Fannie Mae is preparing to introduce by midyear a program of refinancing mortgages for people who owe more than the current value of their homes, a situation known as being "underwater."
The plan is the latest twist in efforts to contain the surge in foreclosures on homes in much of the U.S. It differs from a bill approved by the House on Thursday that would authorize the Federal Housing Administration to insure loans for distressed borrowers only after the lender has written down the principal -- something many lenders are reluctant to do. Fannie's refinance plan would result in new loans of equivalent size, leaving the borrower underwater but giving him or her a lower monthly payment or at least a fixed rate.

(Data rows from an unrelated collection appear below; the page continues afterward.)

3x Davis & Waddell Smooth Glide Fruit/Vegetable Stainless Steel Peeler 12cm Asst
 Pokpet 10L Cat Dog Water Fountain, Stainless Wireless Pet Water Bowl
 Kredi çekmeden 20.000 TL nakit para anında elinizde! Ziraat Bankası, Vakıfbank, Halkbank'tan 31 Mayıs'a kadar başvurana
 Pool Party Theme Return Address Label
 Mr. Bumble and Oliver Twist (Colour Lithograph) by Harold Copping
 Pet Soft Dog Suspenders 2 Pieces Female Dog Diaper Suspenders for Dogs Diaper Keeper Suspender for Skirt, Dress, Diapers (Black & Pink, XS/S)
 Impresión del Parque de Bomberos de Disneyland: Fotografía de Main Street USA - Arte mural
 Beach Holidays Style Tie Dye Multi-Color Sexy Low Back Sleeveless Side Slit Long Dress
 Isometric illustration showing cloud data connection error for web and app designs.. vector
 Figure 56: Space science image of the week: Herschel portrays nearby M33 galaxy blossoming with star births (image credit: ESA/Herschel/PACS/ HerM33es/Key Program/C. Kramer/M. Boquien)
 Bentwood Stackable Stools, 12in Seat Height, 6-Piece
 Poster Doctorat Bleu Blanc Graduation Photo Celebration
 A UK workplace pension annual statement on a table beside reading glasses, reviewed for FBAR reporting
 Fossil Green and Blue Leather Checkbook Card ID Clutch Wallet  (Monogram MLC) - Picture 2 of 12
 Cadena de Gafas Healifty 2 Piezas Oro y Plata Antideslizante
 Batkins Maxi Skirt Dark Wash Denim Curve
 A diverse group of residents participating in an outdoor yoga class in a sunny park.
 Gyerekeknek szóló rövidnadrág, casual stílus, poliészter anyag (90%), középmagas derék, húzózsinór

Officials of Fannie, a government-sponsored provider of funding for home loans, said the new program is limited to people who have kept up on their payments so far and whose loans are owned or guaranteed by the company. Normally, it is impossible for underwater borrowers to qualify for refinancing because the collateral isn't worth enough to support new loans that would let them fully pay off the old ones. But Fannie officials say in some cases it can make sense to refinance such people if the new loan will reduce their interest rate or let them lock into a fixed rate rather than risking future upward adjustments.
"We're saying to the consumer, 'You're not trapped any more,'" said Jeff Hayward, a senior vice president at Fannie.
The program will allow refinancing loans of as much as 120% of the property value. Fannie officials project that 150,000 households could qualify for such refinancings.
Rather than reducing the principal due on the loan and taking an immediate loss, Fannie is betting that these people will be able to keep up on their new loans and prices will recover.
The National Association of Home Builders and the National Association of Realtors praised the program, and many politicians have been pushing Fannie and rival Freddie Mac to do more to help borrowers.
The companies want to avoid immediate loan losses that would further erode their meager capital cushions.